The glutes are among the strongest muscles in the human body. The glutes are critical to daily activities from walking, standing, sitting, and bending. At a physiological level, the backside is the foundation for good posture, maintaining a neutral pelvis, and ensuring correct lumbar curvature. Aside from providing necessary stability, many people consider toned hindquarters attractive.
There are several exercises for toning and strengthening the glutes. Some of the more common bun exercises include:
- Glute bridges
- Glute kickbacks
- Abductor raises (fire hydrants)
Unfortunately, most people do not perform these workouts correctly, rendering them useless. To strengthen and tone your rear, you need to focus on form and follow-through. People may want to exchange traditional glute workouts for easier and more targeted alternatives.
1. Exchange Quarter Squats for Deep Goblet Squats
Squats are one of the foremost exercises for building glute muscles, but too many people ignore proper form.

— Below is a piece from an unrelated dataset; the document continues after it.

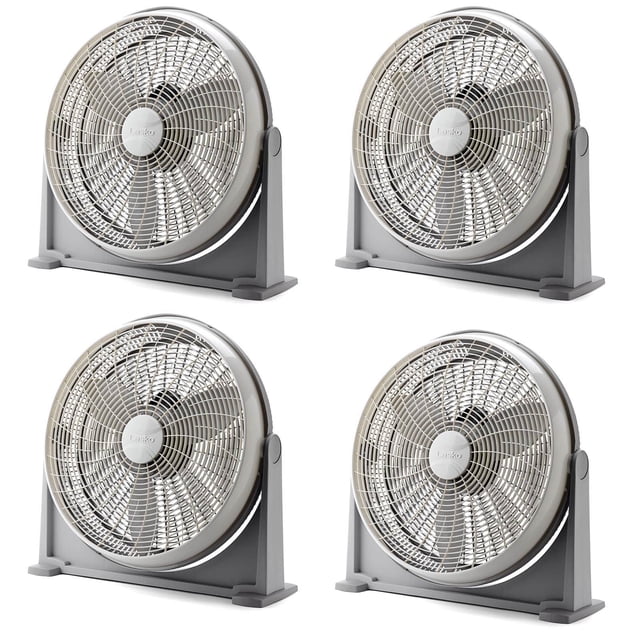 Lasko Ventilateur de Plancher Portable de 20 Pouces à 3 Vitesses avec Circulation d'Air de Refroidissement, Gris (Lot de 4)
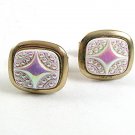 Vintage Goldtone Sparkly White Purple Cufflinks 101817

Most people perform quarter or mini squats, exaggerating a hip thrust to engage the buttocks. Shallow squats do little to build or tone the glutes, regardless of the number of reps.
A better exercise is a goblet squat. You will need a kettlebell or dumbbell to perform this variation of a squat. Hold the weight to your chest, move into a squat position by hinging at your hips, but don't stop. You want to sink to a full depth. To return to a standing position, push up using your glutes and hamstrings, ensuring your knees track outwards.
2. Alter the Speed and Posture of Glute Bridges
Glute bridges are an effective exercise, but form and movement matter. Too many people rush the activity, acting like they are in a bad 80s workout infomercial.
A glute bridge requires slow, deliberate movement to activate the proper muscle groups. You start the exercise on your back, pulling your heels in until they almost touch your butt. Tighten your core muscles, and then, putting the force into your heels, lift your butt off the floor. Keeping your core tight and back supported, continue the lift to your full range of motion. Squeeze your glutes at the peak and hold before slowly lowering to the starting position. This exercise is about engaging the right muscles and moving slowly and steadily.
3. Change Kickbacks to Romanian Deadlifts
Despite the popularity of glute kickbacks, the exercise is challenging for most beginners. Many people think they are doing the exercise correctly, but in reality, they often fail to engage the glutes. The movement also creates risks of injury.
A safer and more effective exercise is the Romanian deadlift. You will need a set of dumbbells. Hold a dumbbell of equal weight in each hand. With a straight back and arms at your sides, hinge at the hips, slowly lowering the weights. Lower to your full range of motion before slowly lifting yourself back to the starting position.
4. Cut Fire Hydrants for the Curtsy Lunge
Like kickbacks, abductor raises, or fire hydrants are potentially problematic and ineffective glute workouts. Many people hinder the strengthening of their glutes by compensating for imbalances; transferring tension to other areas of the body.
The curtsy lunge is a more effective glute workout. Put your weight on the right leg. Move your left leg back, crossing it behind your body in a curtsy-like position. You will dip into the lunge, putting the weight of your body on the outside of the right foot. Perform several reps before switching to the left leg.
Strong, defined glutes require exercise. The correct exercises should reduce injury risks and ensure proper form.